The facilities said that the children would be kept away from the other foster children.
They expect to house the children until the next custody hearing to determine their fate.
The children, who will be in foster care for up to 90 days, may be enrolled in schools near the facilities.
A Houston-area attorney said some of the children are being ripped away from their families a second time by separating them from their siblings.
Betty Luke said her 7-year old client is being placed with her sister in Waco, far away from their brothers, who are being placed at a Brazoria County facility.
"It just seems to make better sense to me to place those two children, who are going to be placed together anyway, in the Houston area, closer to their brothers, closer to their attorney," she said.

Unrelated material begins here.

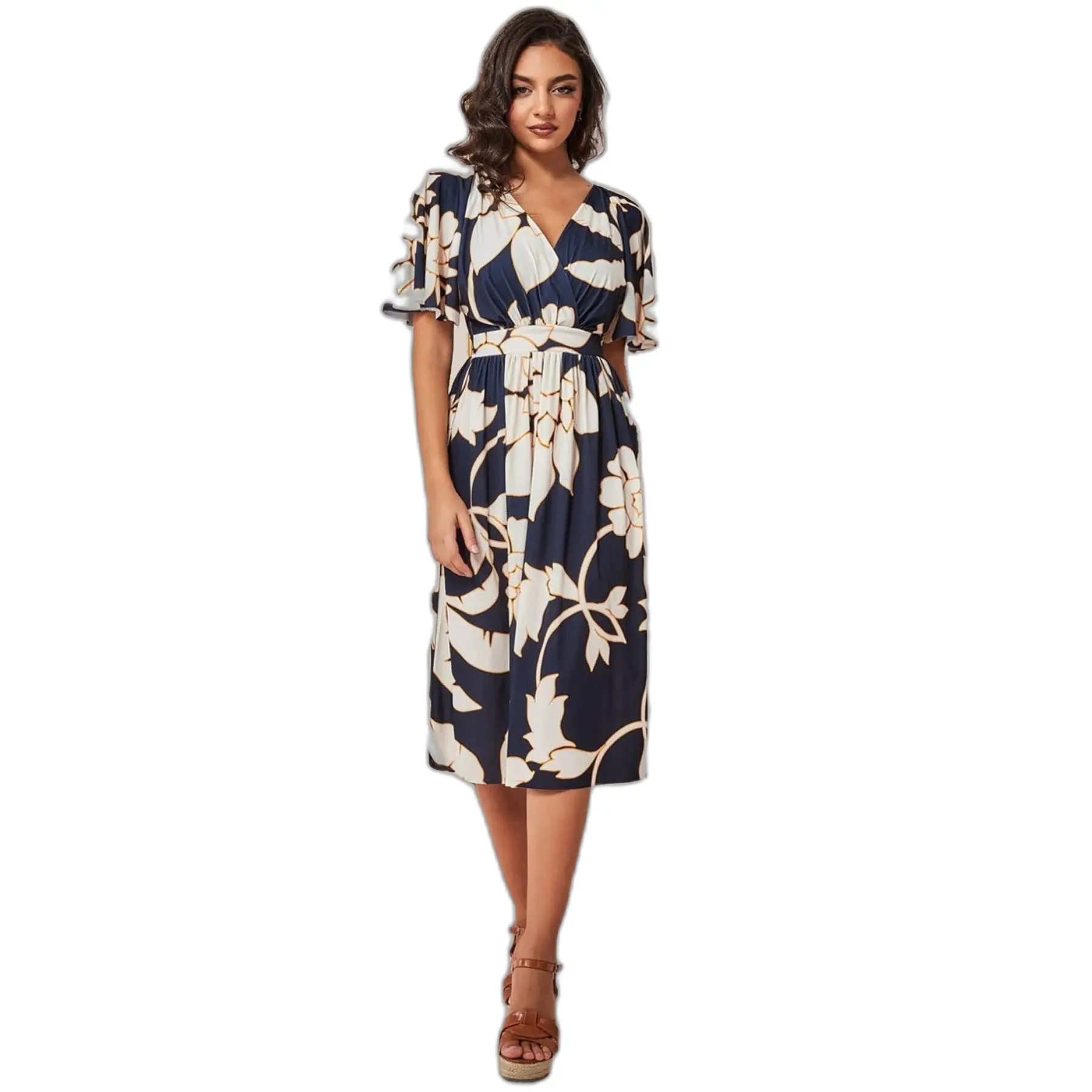 Women's dress Goddiva Printed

Some attorneys said their clients should be placed closer to them so they can develop strong, trusting relationships.
"I can't imagine CPS placing these children into a facility that they have not investigated," attorney Donna Broom said.
Luke said the changes could be traumatic for the children, but she's doing what she can to comfort the girl she is helping.
State and local officials had been eyeing the sect suspiciously since it bought the ranch in 2003 and moved hundreds of its members in. They raided the property April 3, with heavy weapons and SWAT vehicles, after a female claiming to be a 16-year-old girl at the ranch called a family violence shelter and said her 49-year-old husband beat and raped her. That girl has not yet been identified.